§ What is being asked:
The pictures in the data below are to be omitted; all else must be duplicated exactly.

§ Listed records:
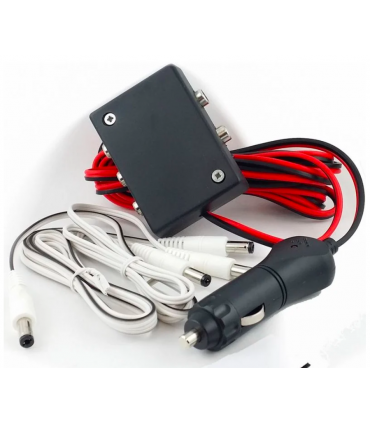 Centro de alimentación Pierro Astro 12V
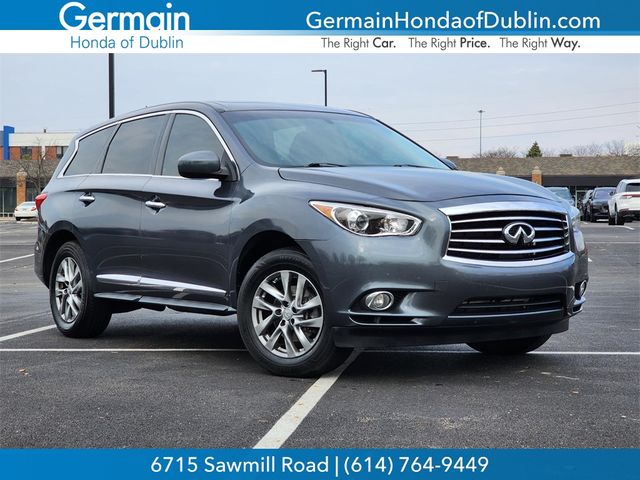 2013 INFINITI JX35 Base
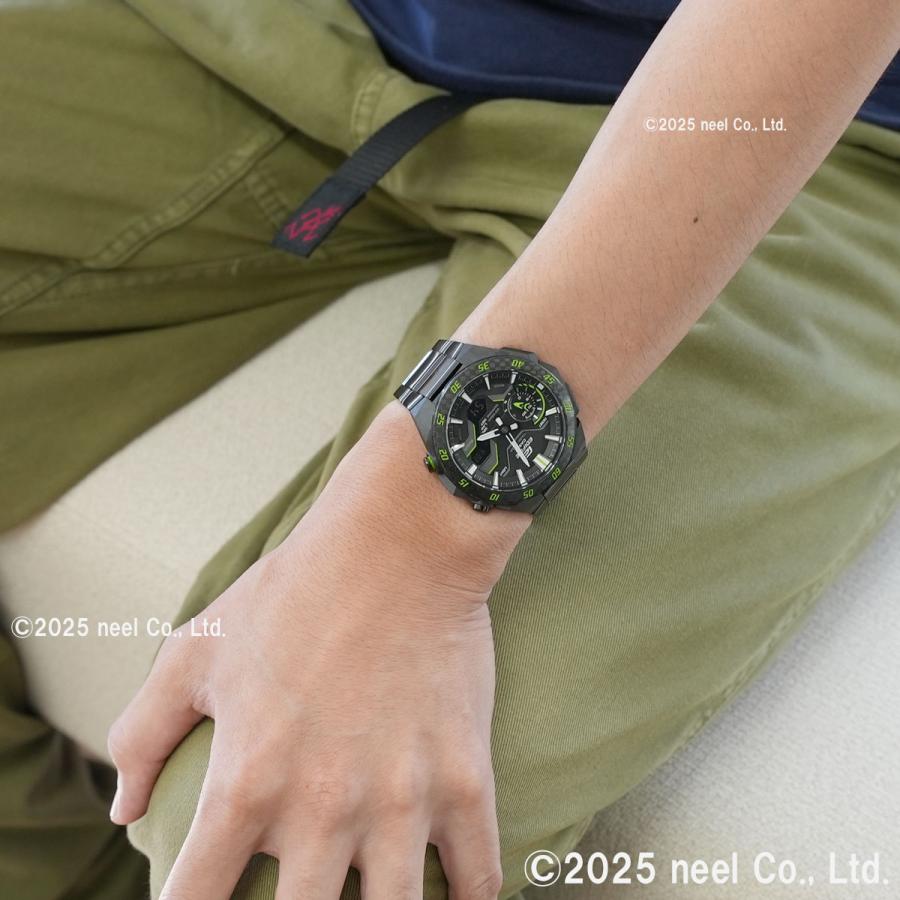 EDIFICE（CASIO） カシオ エディフィス 腕時計 メンズ ECB-2200YRC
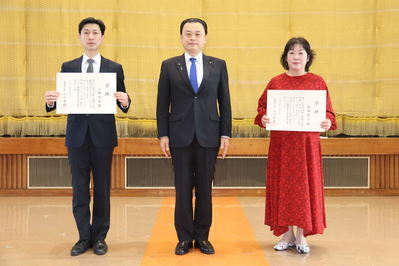 皆さんと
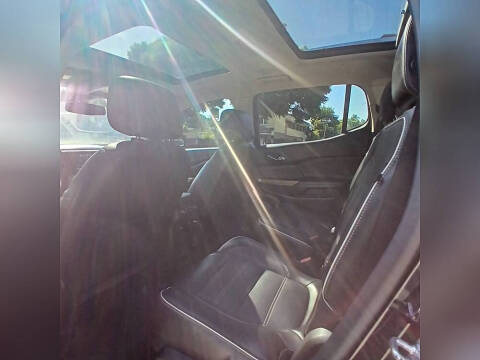 2019 GMC Acadia Denali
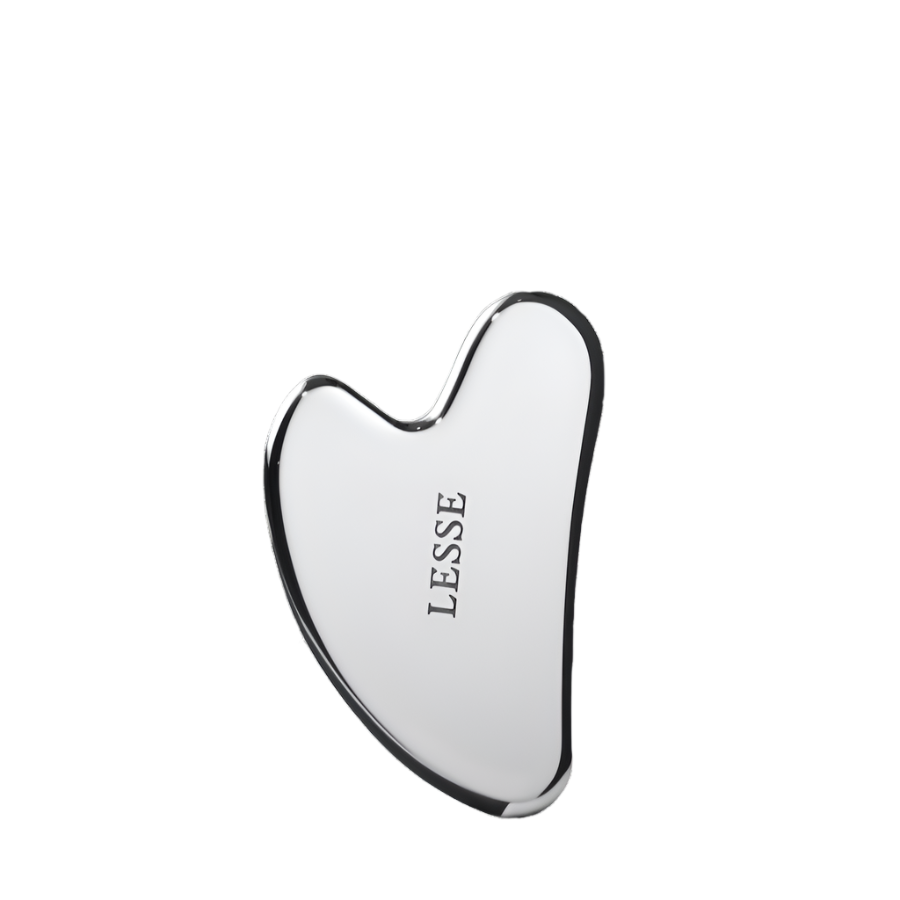 LESSE Sculpting Tool made from stainless steel to define, lift, and smooth - Gllosse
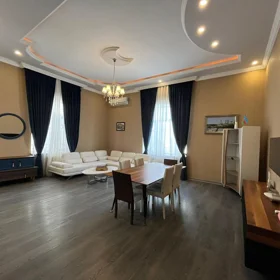 In Xəzər rayonu 145.0 m² house with 3.0 rooms is for rent - Image 9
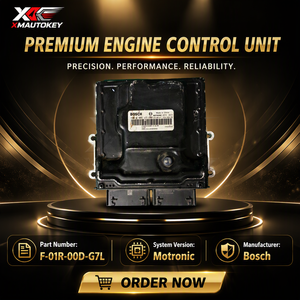 Módulo de Control del Motor Usado (ECU) F-01R-00D-G7L <span class=keywords><strong>Motronic</strong></span> para Unidad de Control del Motor DFM Fengxing - Product Image 1
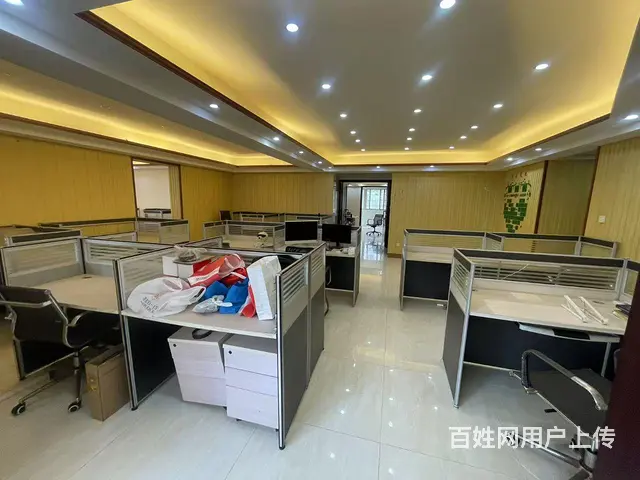（三横王）高铁东220平 适合办公，培训 - 图片 5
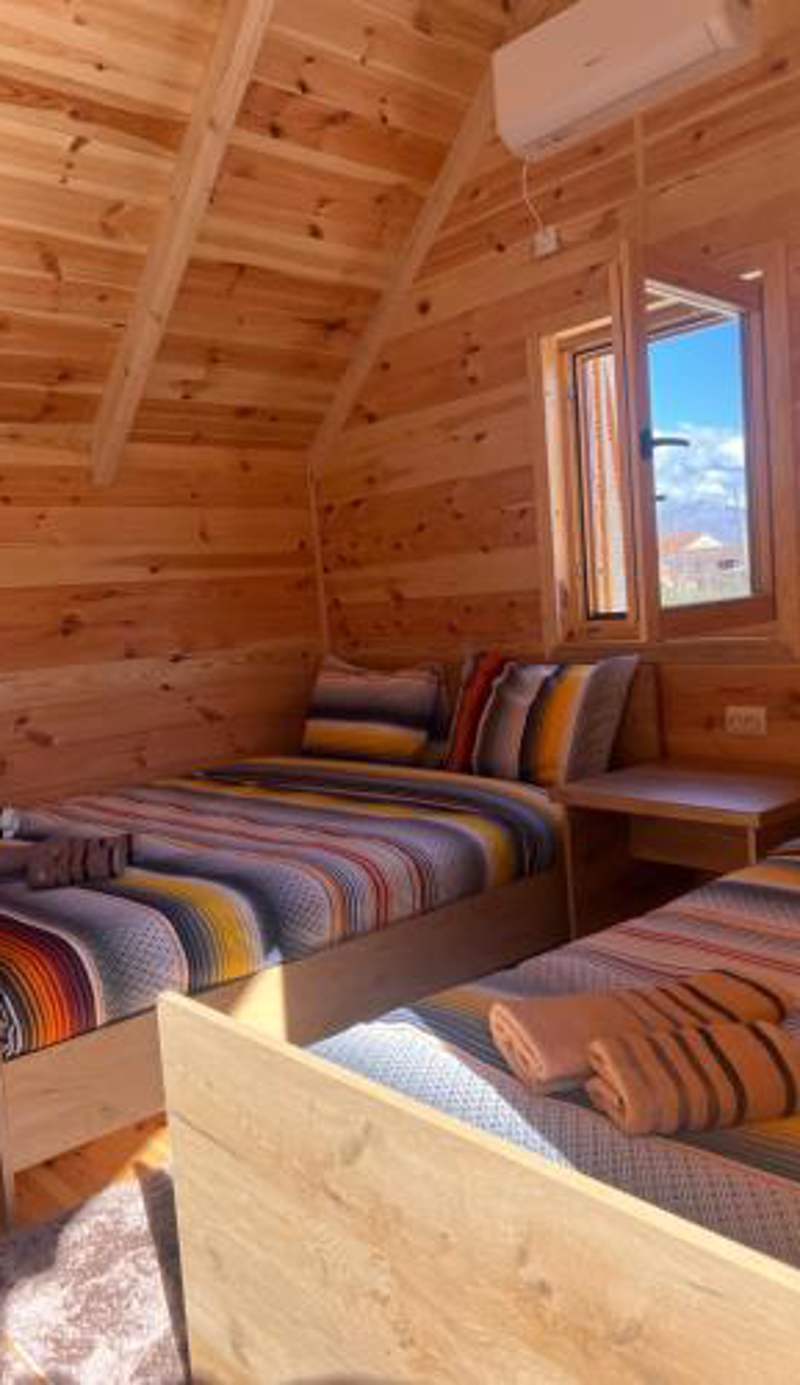 Cozy bungallows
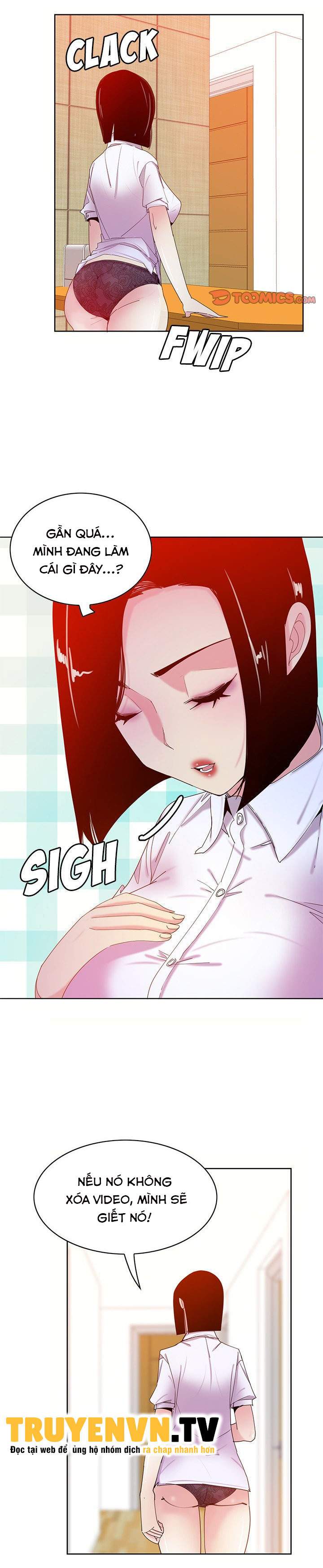 mẹ kế hư hỏng chapter 16 20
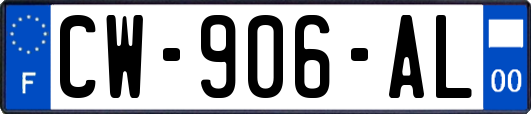 CW-906-AL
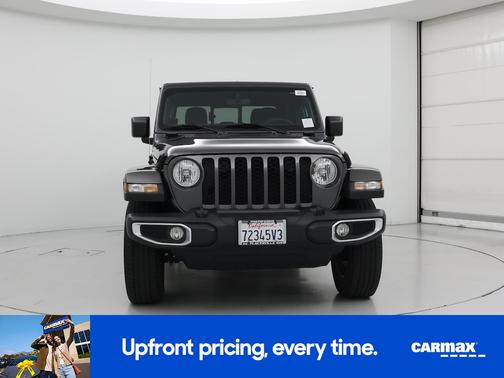 2023 Jeep Gladiator Sport S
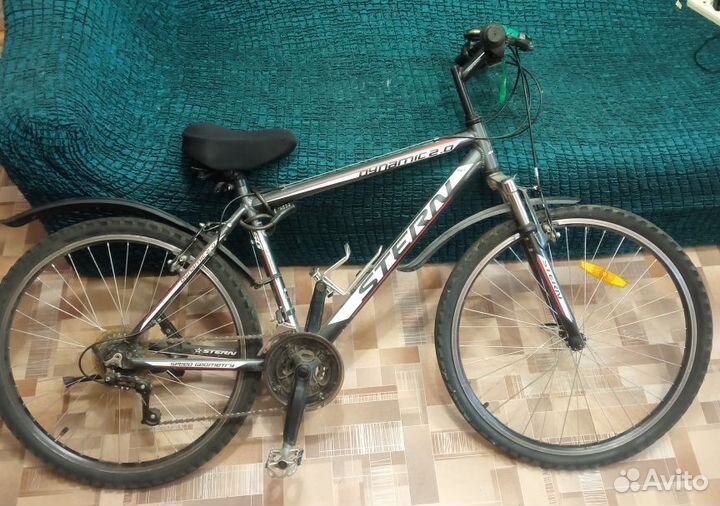 Велосипеды бу взрослый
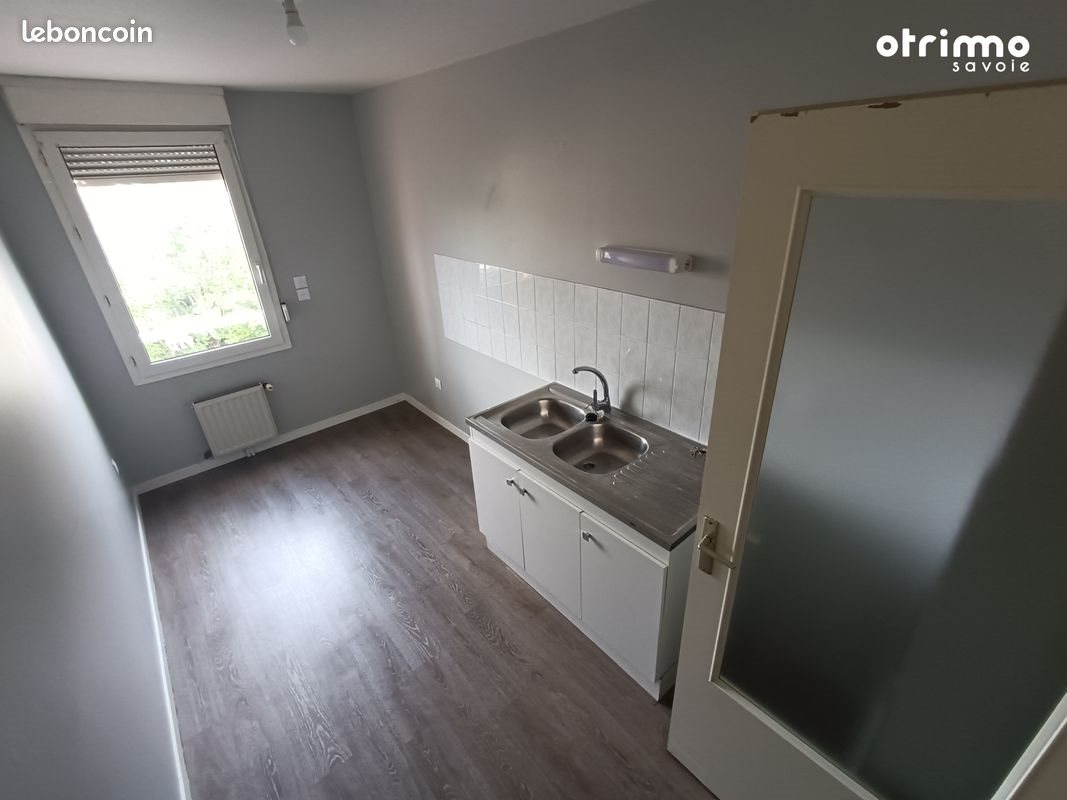 Appartement à vendre, 50m², La Ravoire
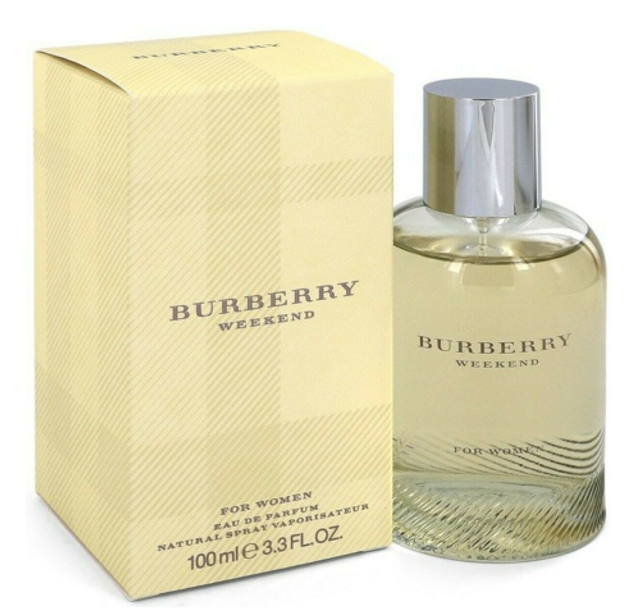 Burberry Weekend by Burberry 3.4 oz EDP for women - ForeverLux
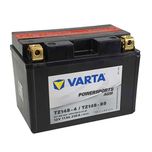 511 902 023 Varta Powersports AGM Motorcycle Battery TZ14S-4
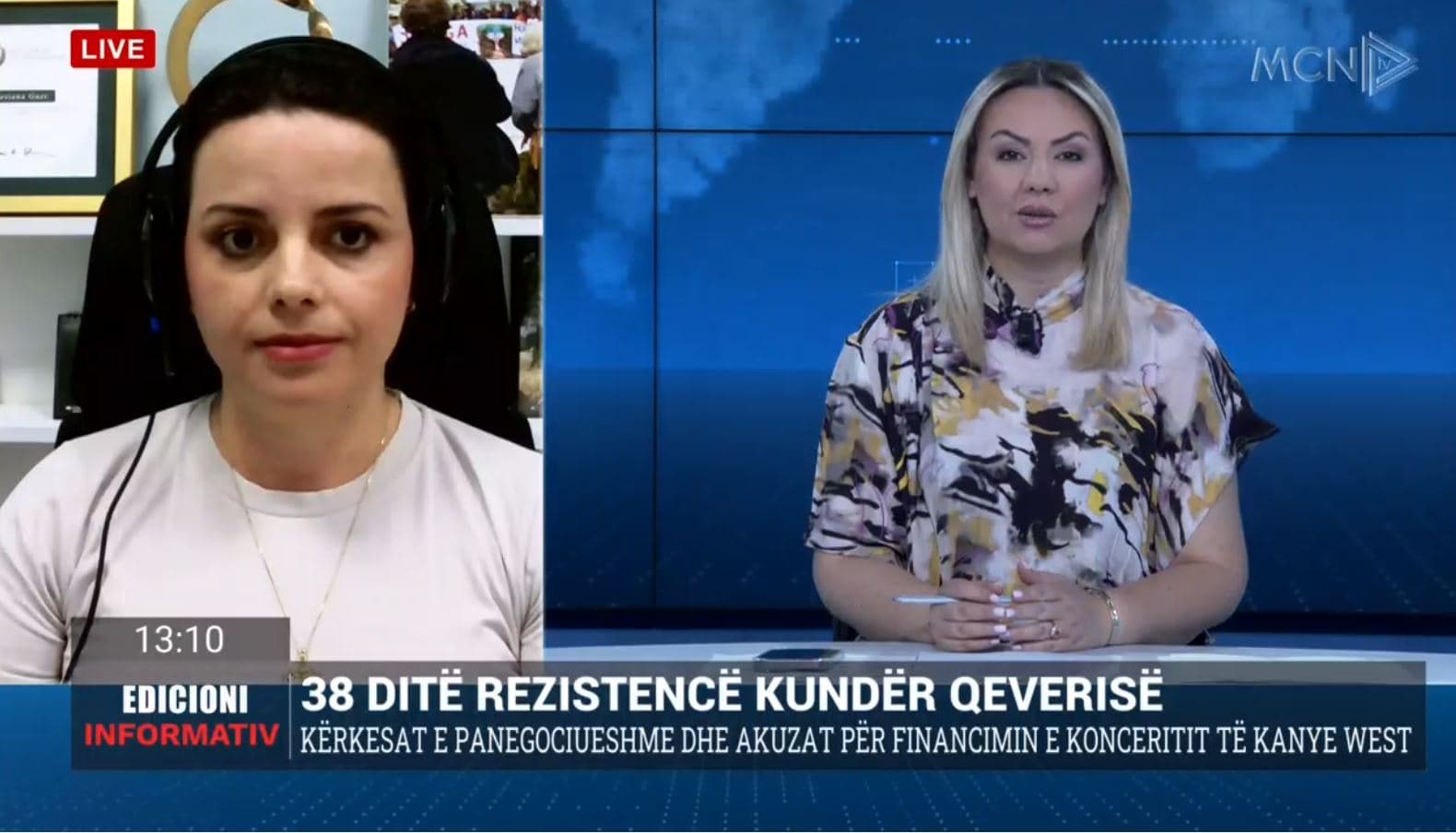 Guri: Protesta po tregon rezistencë për t’u marrë shembull. Ftesa për dialog erdhi vonë (VIDEO)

§ Final answer:
 Centro de alimentación Pierro Astro 12V
 2013 INFINITI JX35 Base
 EDIFICE（CASIO） カシオ エディフィス 腕時計 メンズ ECB-2200YRC
 皆さんと
 2019 GMC Acadia Denali
 LESSE Sculpting Tool made from stainless steel to define, lift, and smooth - Gllosse
 In Xəzər rayonu 145.0 m² house with 3.0 rooms is for rent - Image 9
 Módulo de Control del Motor Usado (ECU) F-01R-00D-G7L <span class=keywords><strong>Motronic</strong></span> para Unidad de Control del Motor DFM Fengxing - Product Image 1
（三横王）高铁东220平 适合办公，培训 - 图片 5
 Cozy bungallows
 mẹ kế hư hỏng chapter 16 20
 CW-906-AL
 2023 Jeep Gladiator Sport S
 Велосипеды бу взрослый
 Appartement à vendre, 50m², La Ravoire
 Burberry Weekend by Burberry 3.4 oz EDP for women - ForeverLux
 511 902 023 Varta Powersports AGM Motorcycle Battery TZ14S-4
 Guri: Protesta po tregon rezistencë për t’u marrë shembull. Ftesa për dialog erdhi vonë (VIDEO)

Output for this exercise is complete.